The contrast between the Great Recession and the Covid-19 Recession provides a useful illustration of the irregularity of the business cycle, and how difficult it is to define when one phase ends and another begins. Here are a couple things to notice about these two recessions:
The recession phase of the Great Recession is dated as lasting for seven quarters. Yet, the recovery phase implies the pain of that recession lasted much longer. The output gap remained negative for a number of years after the second quarter of 2009 and, in fact, only reached a positive value very late in the 2010s.
The cycle that contained the Covid-19 Recession, on the other hand, followed a very different path. The recession phase itself was very short, yet the size of the negative output gap was dramatic. The recovery-into-an expansion, however, was swift. The output gap became positive again in the third quarter of 2021, went negative in 2022, but rebounded in mid-2023.

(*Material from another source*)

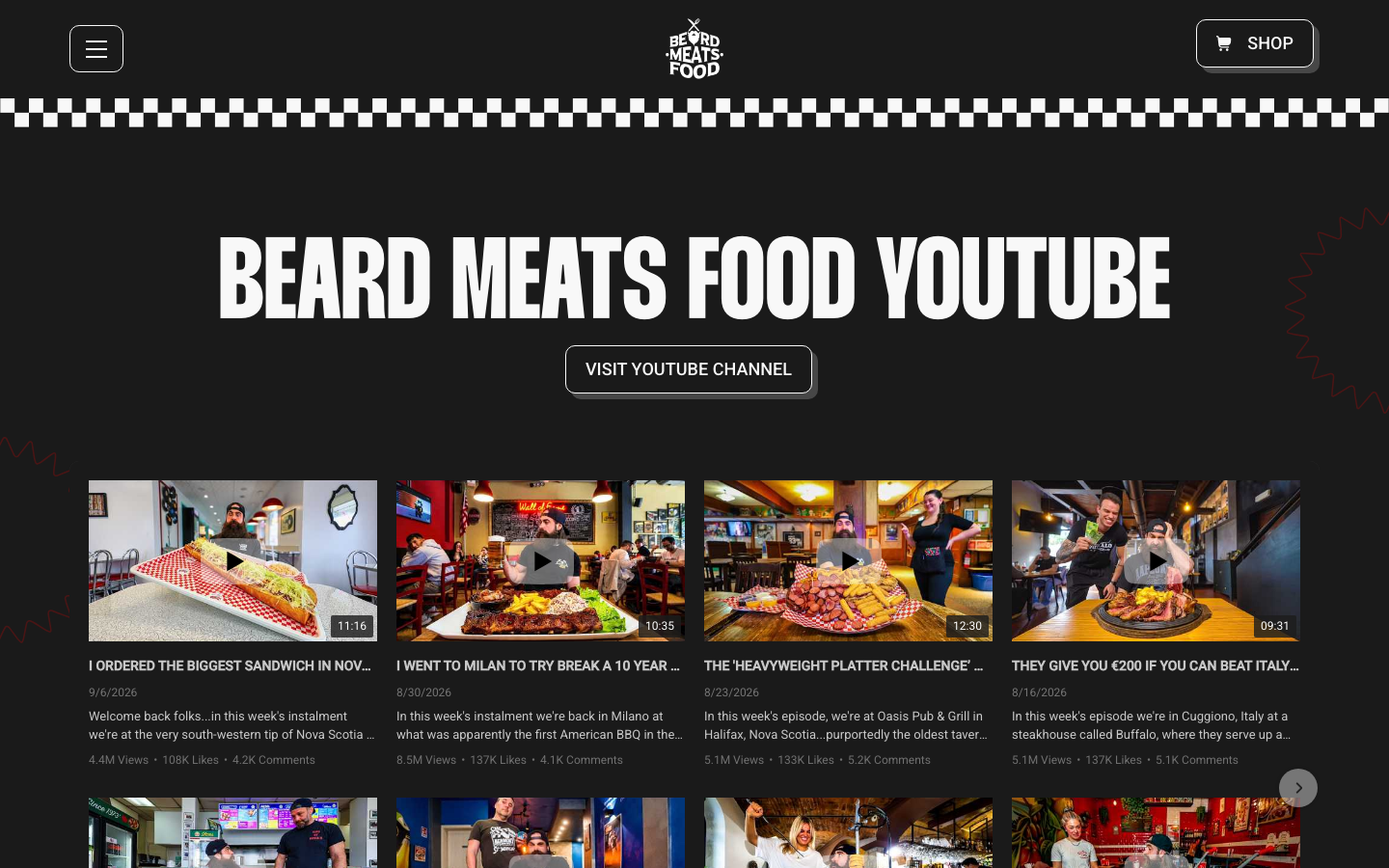 High-impact dark theme featuring massive sans-serif typography and a racing-inspired checkered border. The layout transitions from a bold, centered hero call-to-action into a dense grid of video thumbnails. · creator landing page, dark mode video grid, bold typography hero, high contrast food site, maximalist creator layout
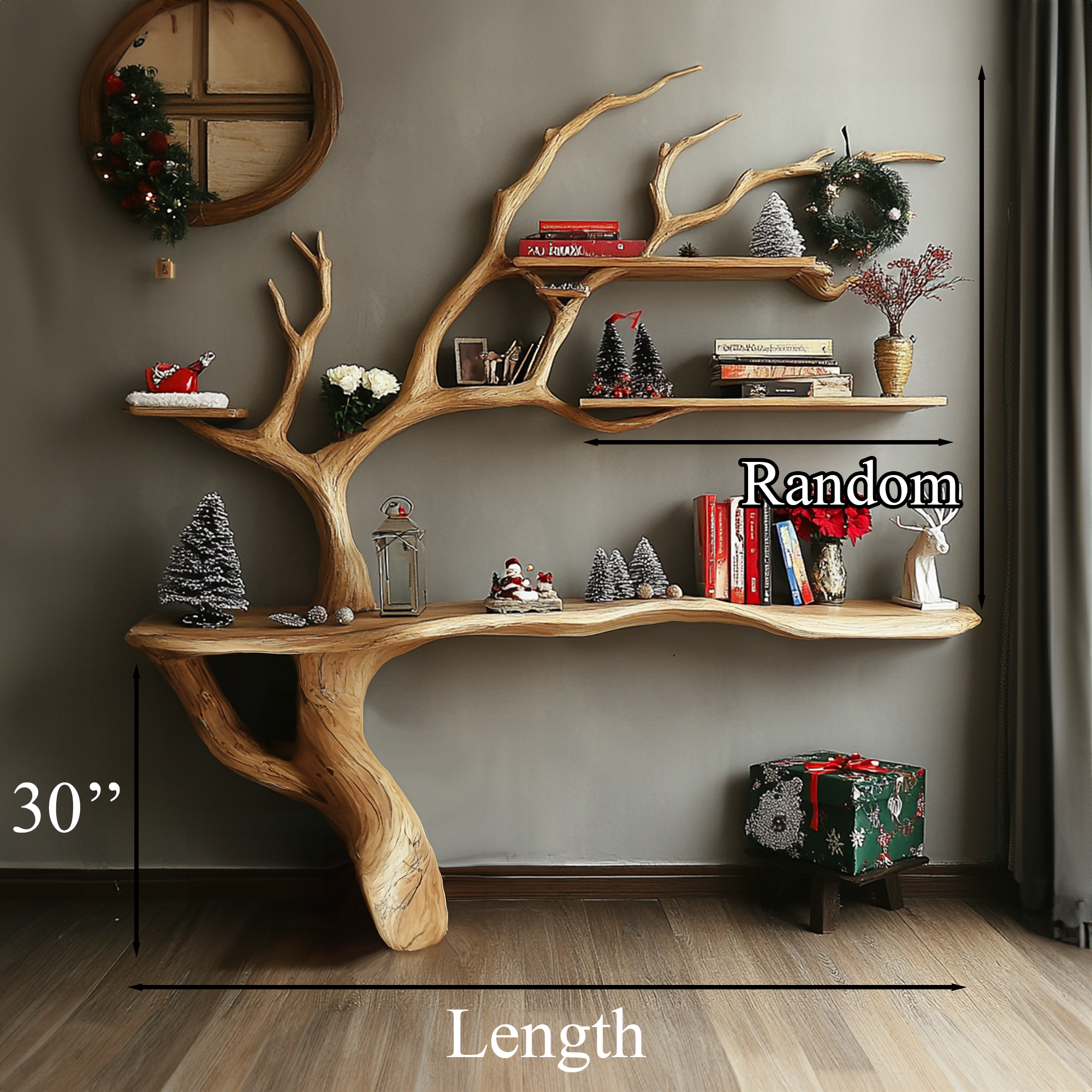 Wooden Console Table With Tree Bookcase Tree Shelf SINLCM010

The contrast between the Great Recession and the Covid-19 Recession also illustrates how, with the exception of the trough, the transition from one phase to the next is difficult to pinpoint exactly. Once we are beyond the trough, for example, it is difficult to say when a recovery ends and an expansion begins. Hence, we hedge a little by using the terms like “early” or “late” expansion. One might, for example, label the entirety of the 2010s as a recovery, though on Figure 2 I have labeled the last few years as constituting at least part of an expansion.
We are here
The uncertainty of the business cycle is a primary reason the Fed meets every seven-to-eight weeks. This uncertainty is also the reason we, and the Fed themselves, never can be sure what policy decision they will make until the actual meeting. This uncertainty, too, also gives anyone license to opine about what is coming next, whether they be a recession-is-always-coming dooms-day’er, or someone a bit more optimistic, like yours truly.
Over the past 35’ish years we have had four recessions—in 1991, 2001, 2007-2009, and in 2020. Since 1945, as dated by the NBER, expansions have lasted an average of about five years (64 months or 21 quarters), while recessions have lasted an average of less than a year (just over three quarters or about 10 months).
Unlike the “Great Recession,” which is a commonly-used label for the 2007 to 2009 recession, “Covid-19 Recession” is not necessarily the conventionally-accepted label for the 2020 recession. However, it is what I am going with.
The “output gap” can also be conceived in terms of percentage deviation. That is, as the difference between the growth rate of real GDP and the growth rate (or some average growth rate) of Potential GDP.
As dated by National Bureau of Economic Research’s “Business Cycle Dating Committee.” This committee defines a recession as lasting from peak to trough, and an expansion as lasting from trough to peak. To choose when those turning points occurred, the committee considers a number of factors when dating the business cycle (see here for details), and they do so, typically, well after the fact since the troughs and the peaks are only obvious in hindsight.